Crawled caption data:
--*--

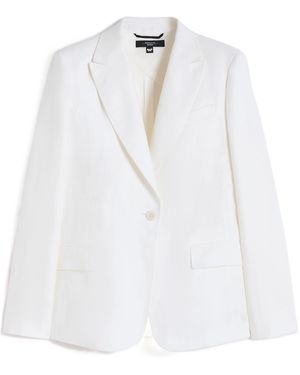 Weekend by Maxmara Wkdnalut Single-Breasted Blazer - White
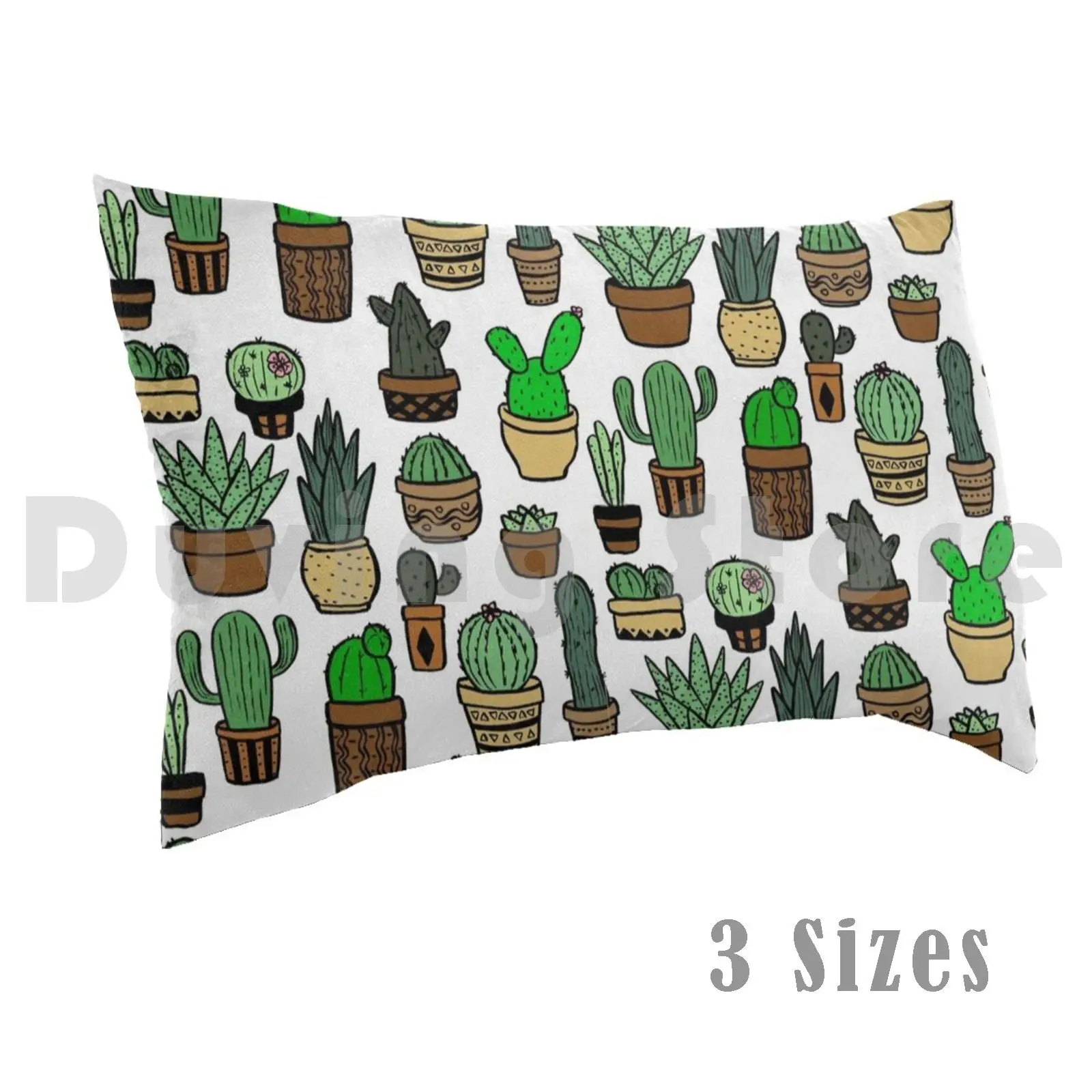 

Чехол с изображением кактуса на подушке, напечатанный 35x50, суккулент, кактус, растение, сад, Природный Узор, зеленый, коричневый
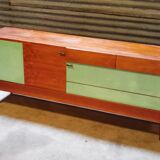Czech wood and formica sideboard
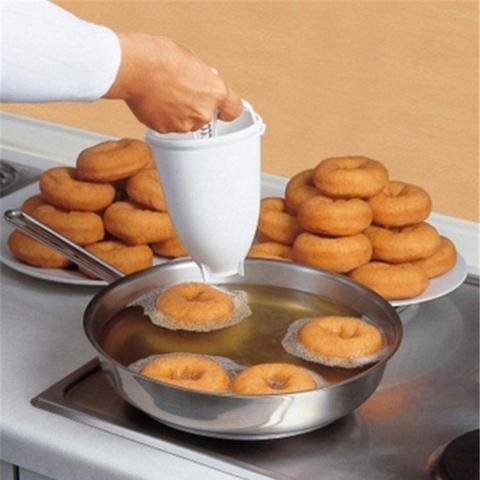 Máquina para hacer rosquillas de plástico, herramienta de moldeo, bricolaje, cocina, pastelería, hornear ► Foto 1/6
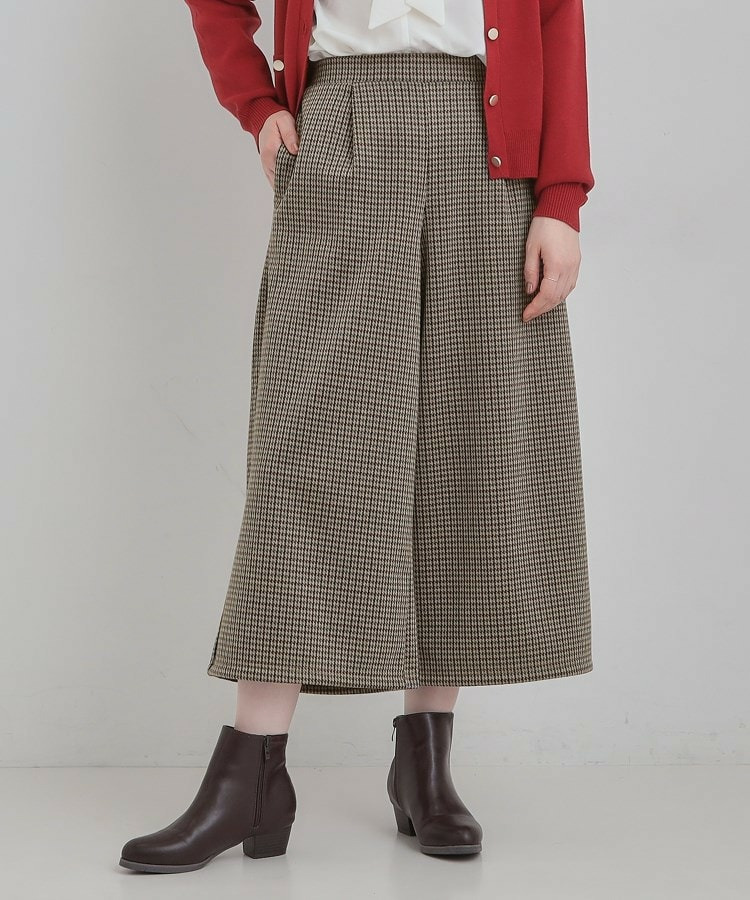 あったか裏起毛ポンチガウチョパンツ6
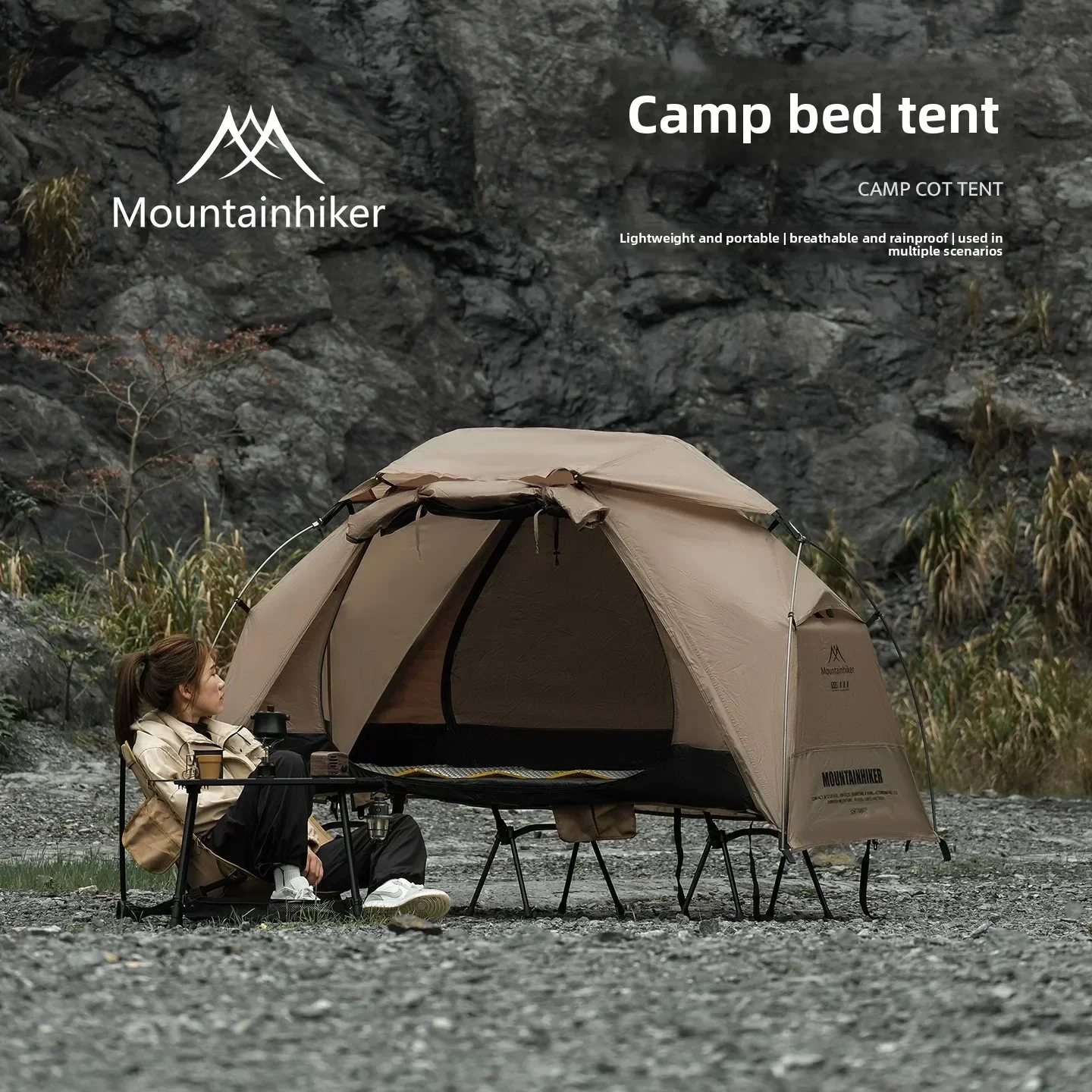 Mountainhiker Kamp Yatağı Çadı - Outdoor Camping Automatic Quick Opening Tent incelemesi ve fiyatı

--*--

WHAT THE EXERCISE ASKS — In the records above, find the line that contains "Máquina para hacer" and repeat exactly that line and all lines after it to the end. Do not include pictures.

WRITTEN SOLUTION —
 Máquina para hacer rosquillas de plástico, herramienta de moldeo, bricolaje, cocina, pastelería, hornear ► Foto 1/6
 あったか裏起毛ポンチガウチョパンツ6
 Mountainhiker Kamp Yatağı Çadı - Outdoor Camping Automatic Quick Opening Tent incelemesi ve fiyatı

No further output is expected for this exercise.